Mas a jornada valeu cada passo, cheguei no destino desejado: me vi verdadeiramente feliz comigo, sem procurar a próxima paixão que me distraísse, porque na verdade eu já estava apaixonada – pela vida, pelo meu trabalho. Nessa época eu trabalhava como terapeuta tântrica e orgástica em São Paulo, mas sou nascida e criada na terra de sol e a sede de mar era grande, todo mês eu inventava de atender no Rio de Janeiro, pra matar a saudade do mar.

Numa dessas idas, fiquei com Leo, um carioca bronzeado, de sotaque malemolente. Nos primeiros encontros, eu até estava gostando dele, do jeito como ele me tratava, dengoso, gentil, safado, mas ao mesmo tempo me mantinha emocionalmente distante, olhando pra ele como que do alto de uma fortaleza, protegida por muralhas invisíveis, mestre da arte da resistência – parecia confiança, mas era muito mais medo de me machucar. E se eu deixasse ele entrar e ele bagunçasse tudo?
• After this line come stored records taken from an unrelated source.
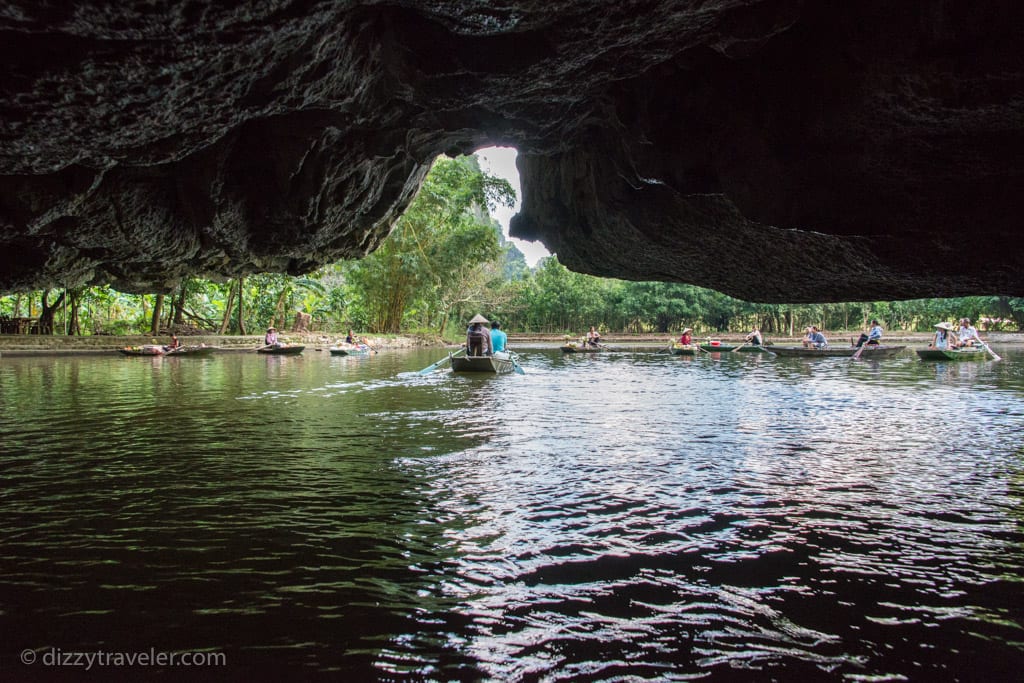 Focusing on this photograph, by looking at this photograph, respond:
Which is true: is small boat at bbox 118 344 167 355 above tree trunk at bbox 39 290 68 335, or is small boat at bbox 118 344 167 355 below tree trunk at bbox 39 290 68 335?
below

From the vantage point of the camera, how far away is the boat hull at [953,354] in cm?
1848

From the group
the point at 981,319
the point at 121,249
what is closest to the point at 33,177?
the point at 121,249

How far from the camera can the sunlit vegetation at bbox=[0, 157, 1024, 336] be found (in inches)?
1198

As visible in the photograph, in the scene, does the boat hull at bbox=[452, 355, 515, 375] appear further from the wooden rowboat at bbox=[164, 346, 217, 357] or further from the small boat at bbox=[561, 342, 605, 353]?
the wooden rowboat at bbox=[164, 346, 217, 357]

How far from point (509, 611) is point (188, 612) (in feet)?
4.59

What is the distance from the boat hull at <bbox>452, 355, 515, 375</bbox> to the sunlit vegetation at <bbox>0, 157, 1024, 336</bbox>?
8.22m

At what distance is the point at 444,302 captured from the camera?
1651 inches

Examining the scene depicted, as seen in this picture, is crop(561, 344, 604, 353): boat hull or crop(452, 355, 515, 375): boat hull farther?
crop(561, 344, 604, 353): boat hull

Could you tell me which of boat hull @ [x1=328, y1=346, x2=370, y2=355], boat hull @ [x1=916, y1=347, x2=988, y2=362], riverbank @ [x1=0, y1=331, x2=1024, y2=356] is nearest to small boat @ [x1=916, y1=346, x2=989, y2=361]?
boat hull @ [x1=916, y1=347, x2=988, y2=362]

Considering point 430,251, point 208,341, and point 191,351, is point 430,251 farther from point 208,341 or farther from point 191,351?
point 191,351

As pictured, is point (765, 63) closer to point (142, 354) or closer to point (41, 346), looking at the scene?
point (142, 354)

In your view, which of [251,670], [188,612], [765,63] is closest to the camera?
Answer: [251,670]

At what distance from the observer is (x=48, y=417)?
792 centimetres

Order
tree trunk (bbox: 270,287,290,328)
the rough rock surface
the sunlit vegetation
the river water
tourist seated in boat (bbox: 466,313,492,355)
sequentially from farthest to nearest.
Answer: tree trunk (bbox: 270,287,290,328) → the sunlit vegetation → tourist seated in boat (bbox: 466,313,492,355) → the rough rock surface → the river water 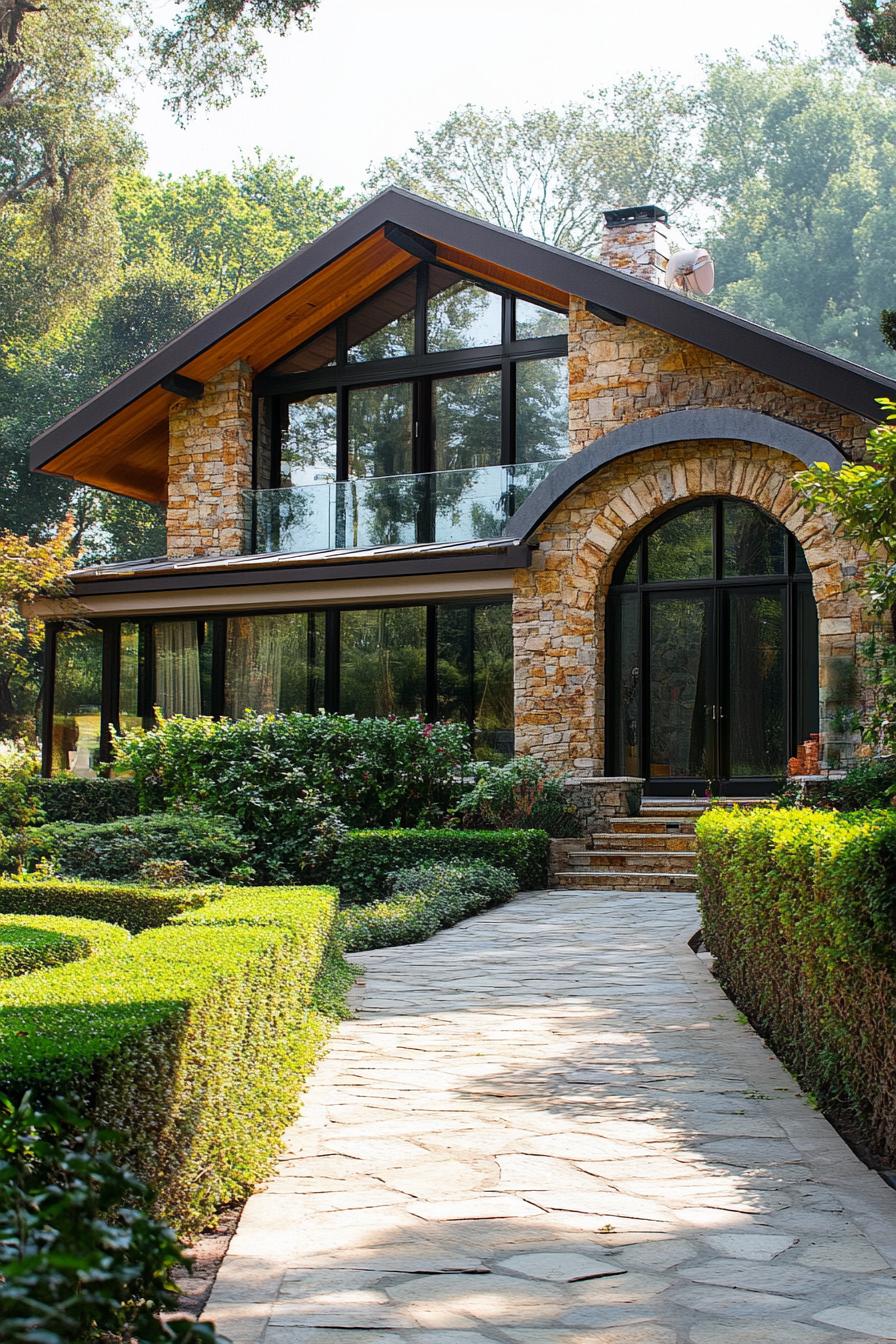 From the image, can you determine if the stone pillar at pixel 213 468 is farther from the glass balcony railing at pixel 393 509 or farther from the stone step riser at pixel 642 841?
the stone step riser at pixel 642 841

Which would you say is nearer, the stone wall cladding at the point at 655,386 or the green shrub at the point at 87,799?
the stone wall cladding at the point at 655,386

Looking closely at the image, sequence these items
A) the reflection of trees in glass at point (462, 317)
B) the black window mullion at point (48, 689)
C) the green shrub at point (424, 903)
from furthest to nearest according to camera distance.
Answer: the black window mullion at point (48, 689), the reflection of trees in glass at point (462, 317), the green shrub at point (424, 903)

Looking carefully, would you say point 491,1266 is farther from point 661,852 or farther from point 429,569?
point 429,569

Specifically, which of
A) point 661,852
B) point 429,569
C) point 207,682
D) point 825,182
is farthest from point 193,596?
point 825,182

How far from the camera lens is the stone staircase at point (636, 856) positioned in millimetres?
13602

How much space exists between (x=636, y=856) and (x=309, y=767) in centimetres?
351

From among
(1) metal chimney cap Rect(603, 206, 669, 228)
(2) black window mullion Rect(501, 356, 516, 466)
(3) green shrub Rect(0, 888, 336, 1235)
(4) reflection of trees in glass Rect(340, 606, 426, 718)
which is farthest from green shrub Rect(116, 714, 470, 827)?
(1) metal chimney cap Rect(603, 206, 669, 228)

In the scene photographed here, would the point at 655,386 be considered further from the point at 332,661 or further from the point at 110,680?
the point at 110,680

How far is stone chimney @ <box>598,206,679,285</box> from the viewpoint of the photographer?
1805cm

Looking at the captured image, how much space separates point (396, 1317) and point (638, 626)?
13248mm

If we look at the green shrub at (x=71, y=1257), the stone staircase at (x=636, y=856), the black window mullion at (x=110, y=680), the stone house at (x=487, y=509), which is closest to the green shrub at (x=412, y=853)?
the stone staircase at (x=636, y=856)

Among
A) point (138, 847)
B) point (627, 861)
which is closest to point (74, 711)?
point (138, 847)

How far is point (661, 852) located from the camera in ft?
46.2

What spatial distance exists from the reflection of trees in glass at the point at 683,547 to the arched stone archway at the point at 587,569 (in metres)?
0.30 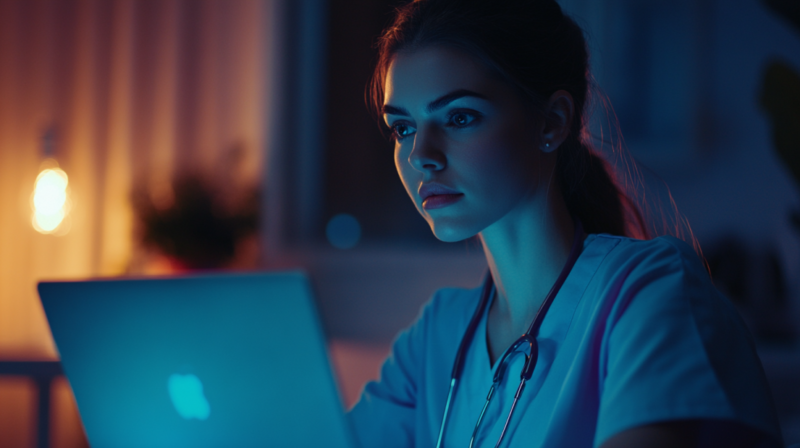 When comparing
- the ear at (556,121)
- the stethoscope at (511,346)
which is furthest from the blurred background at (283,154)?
the ear at (556,121)

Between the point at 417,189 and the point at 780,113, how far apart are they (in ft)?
2.69

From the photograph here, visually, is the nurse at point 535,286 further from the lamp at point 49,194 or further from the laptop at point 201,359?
the lamp at point 49,194

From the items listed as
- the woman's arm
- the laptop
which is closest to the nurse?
the woman's arm

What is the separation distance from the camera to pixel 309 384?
56cm

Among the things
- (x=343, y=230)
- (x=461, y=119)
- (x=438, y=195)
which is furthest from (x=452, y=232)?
(x=343, y=230)

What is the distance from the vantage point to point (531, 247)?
0.89 m

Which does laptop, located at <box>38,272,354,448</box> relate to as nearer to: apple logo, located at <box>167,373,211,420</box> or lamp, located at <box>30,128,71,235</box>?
apple logo, located at <box>167,373,211,420</box>

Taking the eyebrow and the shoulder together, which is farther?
the eyebrow

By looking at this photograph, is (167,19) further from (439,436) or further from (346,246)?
(439,436)

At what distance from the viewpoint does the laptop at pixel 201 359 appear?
1.84 feet

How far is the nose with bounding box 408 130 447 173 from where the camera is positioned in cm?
82

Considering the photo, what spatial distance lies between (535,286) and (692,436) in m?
0.36

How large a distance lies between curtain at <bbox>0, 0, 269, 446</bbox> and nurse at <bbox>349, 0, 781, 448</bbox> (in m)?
1.59

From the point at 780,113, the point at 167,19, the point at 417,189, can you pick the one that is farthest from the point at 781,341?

E se eu deixasse ele entrar e ele fosse embora?

Lento e constante ele achou o caminho até o ponto que me desarma 

Essa consciência ainda não era clara, eu não percebia o quanto mantinha Leo à distância, foi só na terceira vez que voltei pro Rio, quando minhas águas romperam a fortaleza, que entendi o quanto estava resistindo. Era de manhã cedo quando a gente começou a transar, eu estava de bruços e ele entrou devagarinho em mim, sem pressa, sem aperreio, sem atropelamento, com ritmo de banquete, de quem tem tempo no paraíso.

Lento e constante ele achou o caminho até o ponto que me desarma, foi me amolecendo por dentro, não sei bem como aconteceu, aliás, sei sim, lembro dele todo dentro e eu com um bullet no clitoris, lembro de estar tão presente no meu corpo, tão presente em cada sensação, de sentir a tensão do orgasmo se acumular até o ponto em que não cabia mais em mim – e deixei jorrar.
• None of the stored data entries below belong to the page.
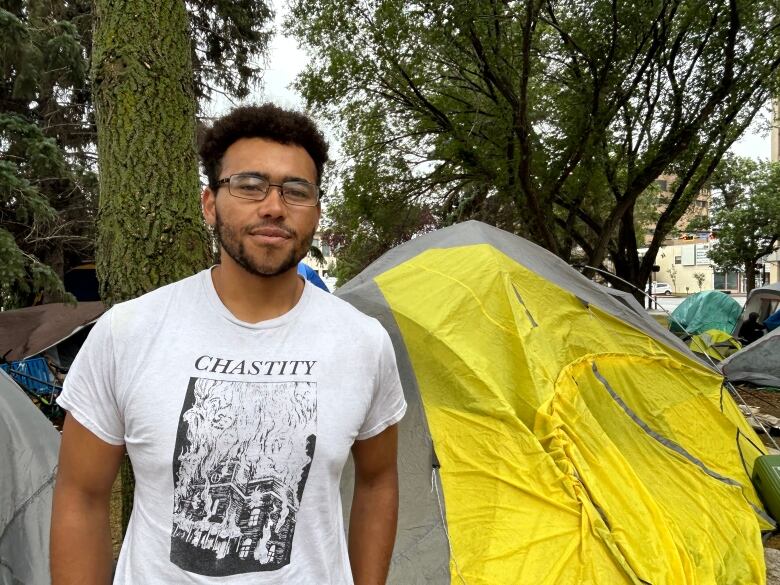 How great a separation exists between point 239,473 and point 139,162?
75.3 inches

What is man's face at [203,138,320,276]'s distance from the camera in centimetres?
133

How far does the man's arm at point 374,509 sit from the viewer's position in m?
1.44

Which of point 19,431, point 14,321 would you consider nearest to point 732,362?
point 19,431

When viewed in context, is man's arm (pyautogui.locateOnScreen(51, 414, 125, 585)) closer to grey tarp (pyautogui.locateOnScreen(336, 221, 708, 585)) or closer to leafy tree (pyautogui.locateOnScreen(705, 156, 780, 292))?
grey tarp (pyautogui.locateOnScreen(336, 221, 708, 585))

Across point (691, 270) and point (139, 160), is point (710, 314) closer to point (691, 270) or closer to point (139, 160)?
point (139, 160)

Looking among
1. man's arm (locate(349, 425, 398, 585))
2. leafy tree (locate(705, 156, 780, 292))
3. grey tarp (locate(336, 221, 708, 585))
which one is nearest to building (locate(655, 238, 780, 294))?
leafy tree (locate(705, 156, 780, 292))

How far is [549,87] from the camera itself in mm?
11203

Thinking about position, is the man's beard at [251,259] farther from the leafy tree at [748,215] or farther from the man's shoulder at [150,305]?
the leafy tree at [748,215]

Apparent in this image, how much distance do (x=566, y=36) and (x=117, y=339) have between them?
382 inches

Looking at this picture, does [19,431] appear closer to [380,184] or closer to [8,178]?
[8,178]

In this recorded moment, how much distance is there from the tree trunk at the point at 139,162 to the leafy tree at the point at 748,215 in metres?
26.1

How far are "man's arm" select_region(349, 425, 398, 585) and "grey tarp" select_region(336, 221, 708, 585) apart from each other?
5.20 ft

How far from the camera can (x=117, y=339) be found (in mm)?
1242

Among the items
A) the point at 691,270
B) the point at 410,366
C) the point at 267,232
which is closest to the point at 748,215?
the point at 410,366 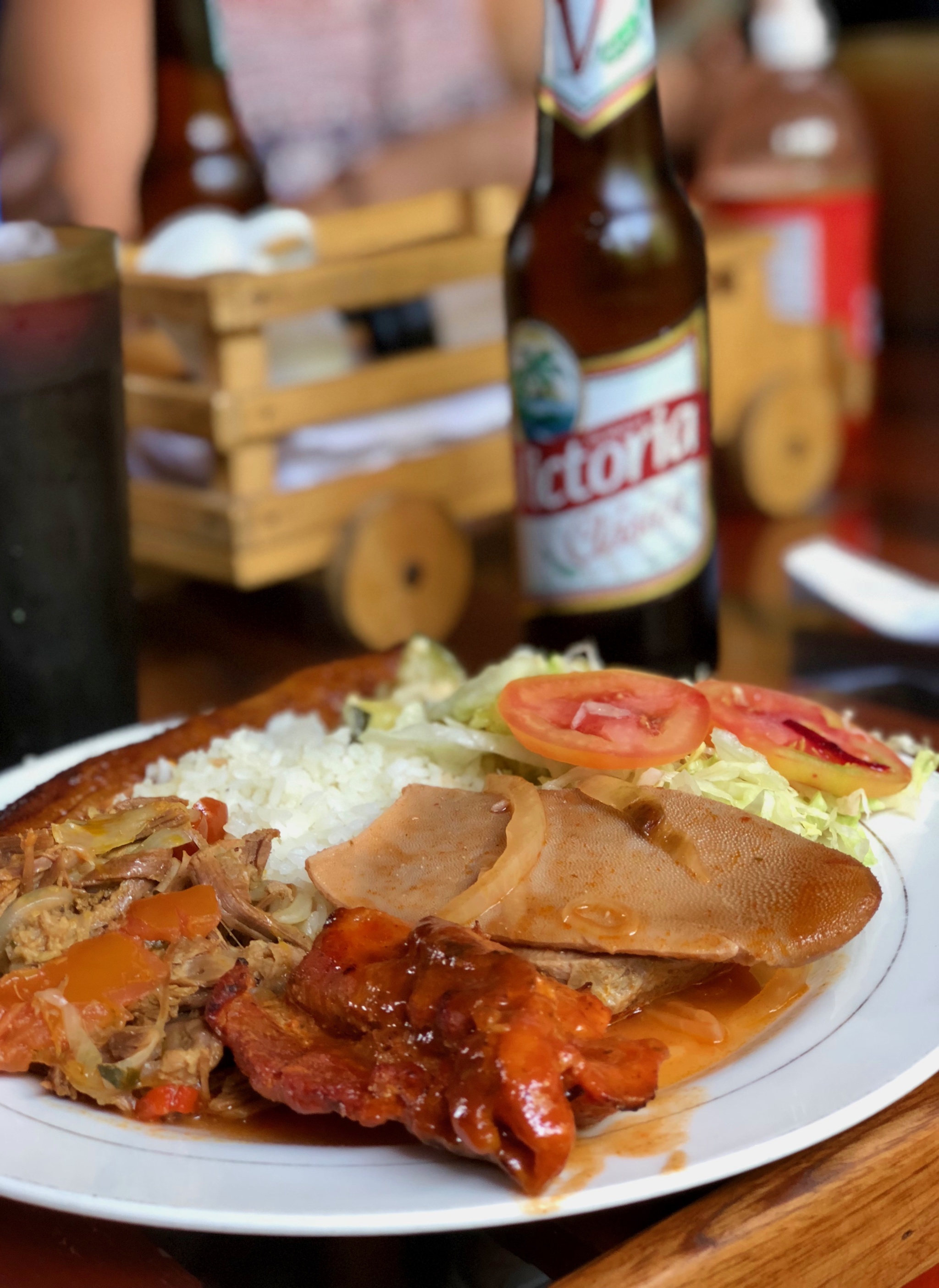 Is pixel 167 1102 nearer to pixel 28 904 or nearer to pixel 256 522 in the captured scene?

Eu, que fazia tanto pra estar no controle de tudo, num alívio extático me deixei tombar como um monumento que não suporta mais o esforço de se manter em pé, como uma torre que quer voltar a ser poeira, se dissolver de novo na areia do tempo, numa entrega tão absurda, de carne e espírito e tudo que a gente não entende.
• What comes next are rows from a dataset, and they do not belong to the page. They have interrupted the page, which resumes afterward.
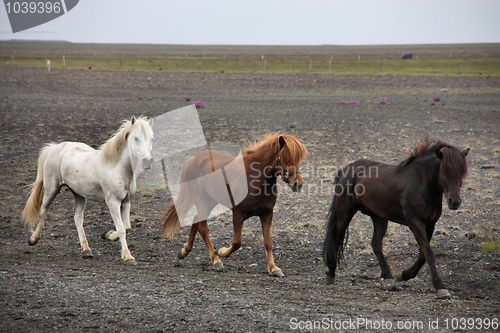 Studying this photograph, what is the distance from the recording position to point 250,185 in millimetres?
6719

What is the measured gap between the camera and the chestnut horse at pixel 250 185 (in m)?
6.48

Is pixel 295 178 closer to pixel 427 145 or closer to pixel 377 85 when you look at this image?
pixel 427 145

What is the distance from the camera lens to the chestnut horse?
6.48 m

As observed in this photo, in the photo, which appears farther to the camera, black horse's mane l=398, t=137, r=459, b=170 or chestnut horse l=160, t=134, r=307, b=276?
chestnut horse l=160, t=134, r=307, b=276

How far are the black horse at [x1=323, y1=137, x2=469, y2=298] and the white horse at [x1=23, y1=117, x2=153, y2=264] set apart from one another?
2.80 meters

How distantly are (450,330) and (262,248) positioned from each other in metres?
3.72

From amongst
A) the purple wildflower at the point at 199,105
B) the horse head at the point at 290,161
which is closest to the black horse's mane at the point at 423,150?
the horse head at the point at 290,161

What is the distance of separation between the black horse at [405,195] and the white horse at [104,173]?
2.80 m

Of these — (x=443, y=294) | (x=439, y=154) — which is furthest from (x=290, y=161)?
(x=443, y=294)

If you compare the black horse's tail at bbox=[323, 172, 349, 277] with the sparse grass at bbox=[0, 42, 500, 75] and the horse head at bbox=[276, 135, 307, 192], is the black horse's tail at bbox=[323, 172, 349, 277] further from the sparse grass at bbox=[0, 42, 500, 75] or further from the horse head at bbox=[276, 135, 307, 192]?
the sparse grass at bbox=[0, 42, 500, 75]

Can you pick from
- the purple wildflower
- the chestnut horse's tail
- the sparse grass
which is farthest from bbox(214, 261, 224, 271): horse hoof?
the sparse grass

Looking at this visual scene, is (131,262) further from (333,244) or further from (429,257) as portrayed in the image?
(429,257)

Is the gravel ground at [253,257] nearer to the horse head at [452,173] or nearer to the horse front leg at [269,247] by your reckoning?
the horse front leg at [269,247]

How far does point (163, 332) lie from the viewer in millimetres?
4879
O orgasmo veio com força de rebentação, subiu do ventre pro peito e comecei a chorar copiosamente. Ele parou, assustado, preocupado, perguntou se estava tudo bem, se tinha me machucado, mas aquilo que estava sentindo era justamente o contrário, era uma pequena grande cura.

No meio de gozo e lágrimas, percebi o que eu tinha enrijecido e parei de resistir, percebi que estava me apaixonando e me dei a permissão, me entreguei e chorei por toda a verdade daquilo. Chorei porque o amor me tocou fundo e me dei pra ele.

Sim, essa é uma história de amor, mas não é sobre Leo. A minha história com ele não foi adiante (nos encontramos de novo anos depois, mas esse é um outro capítulo). Essa história de amor é sobre a coragem de se abrir pro risco que é sentir.

Sim, é sempre um risco – derrubar fortalezas é encontrar a própria vulnerabilidade. Mas foi só quando a fortaleza ruiu que aprendi que eu não era tão frágil quanto pensava, até com as quedas eu era capaz de lidar. Com a fortaleza erguida, eu até me protegia, mas não me conectava, não passava da superfície.

Sim, sei que o mundo é perigoso e certas proteções são necessárias, mas neste dia percebi que não quero me proteger de sentir, muito menos de amar – esses são os riscos que quero viver.